Your job is to return each record exactly, minus any pictures.

====

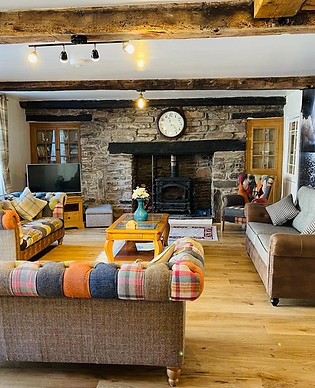 Onnenfawr Farmhouse at Onnenfawr Leisure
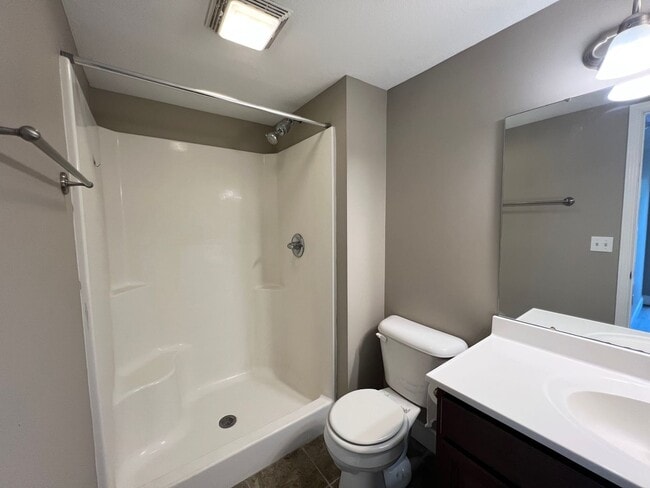 Building Photo - 2 Bedroom/2 Bathroom Oakridge Apartments U...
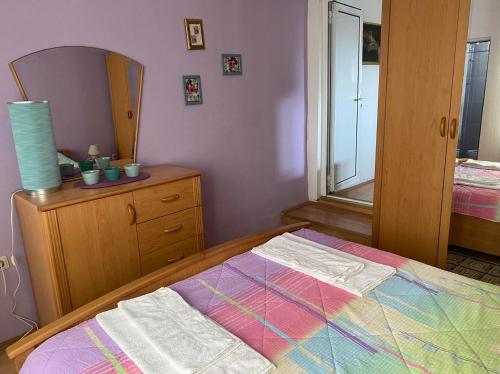 索科矿泉村Gala的一间卧室配有一张带梳妆台和镜子的床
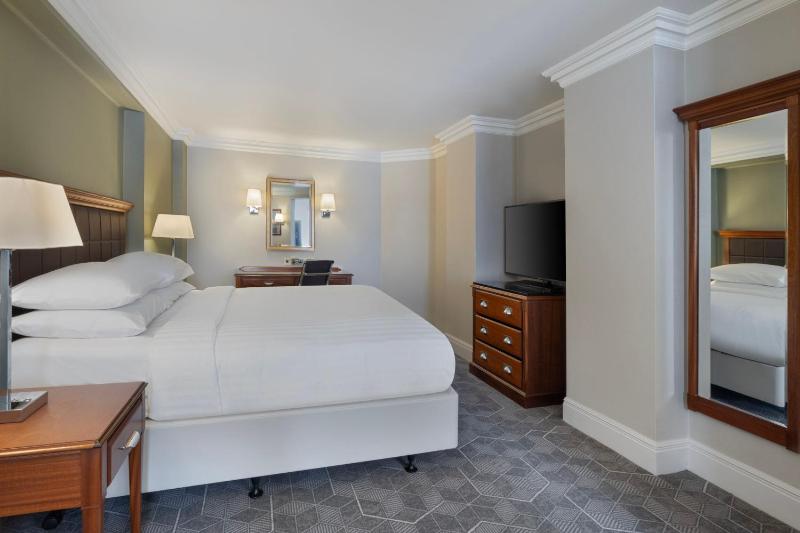 Queen Suite with Sofa Bed image 3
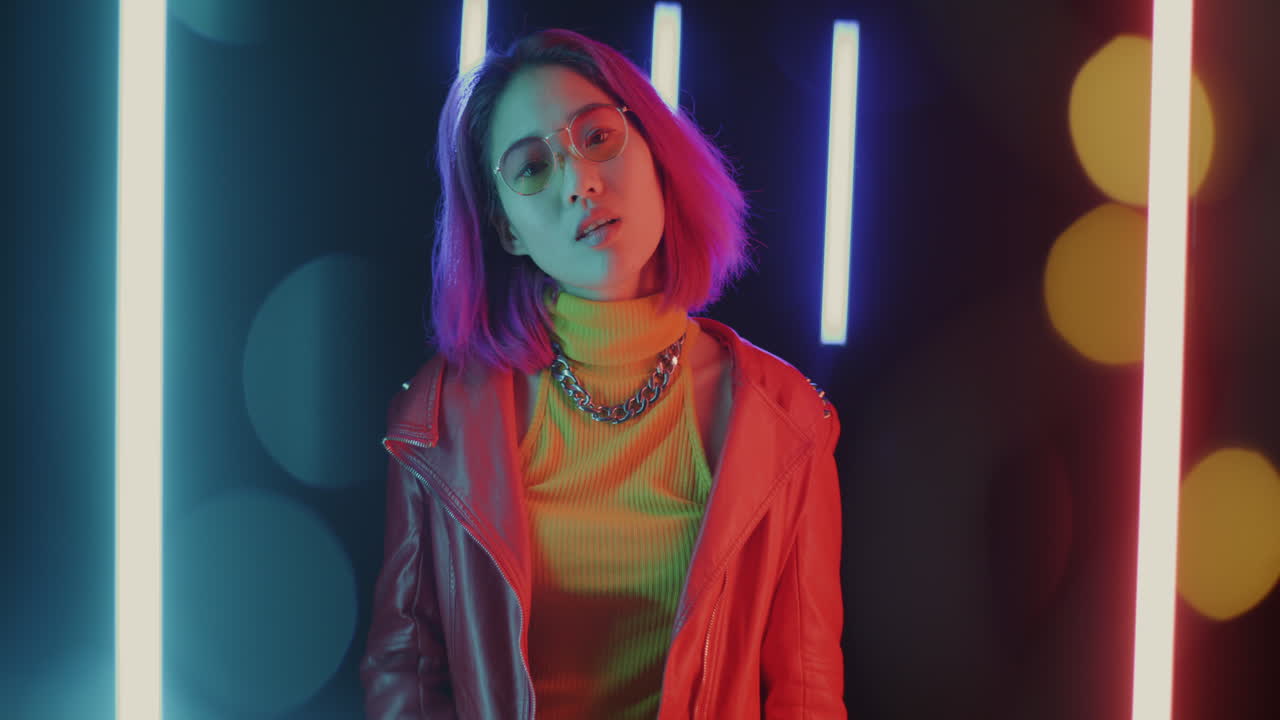 mujer elegante con iluminación de neón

====

> **Written answer**:
 Onnenfawr Farmhouse at Onnenfawr Leisure
 Building Photo - 2 Bedroom/2 Bathroom Oakridge Apartments U...
 索科矿泉村Gala的一间卧室配有一张带梳妆台和镜子的床
 Queen Suite with Sofa Bed image 3
 mujer elegante con iluminación de neón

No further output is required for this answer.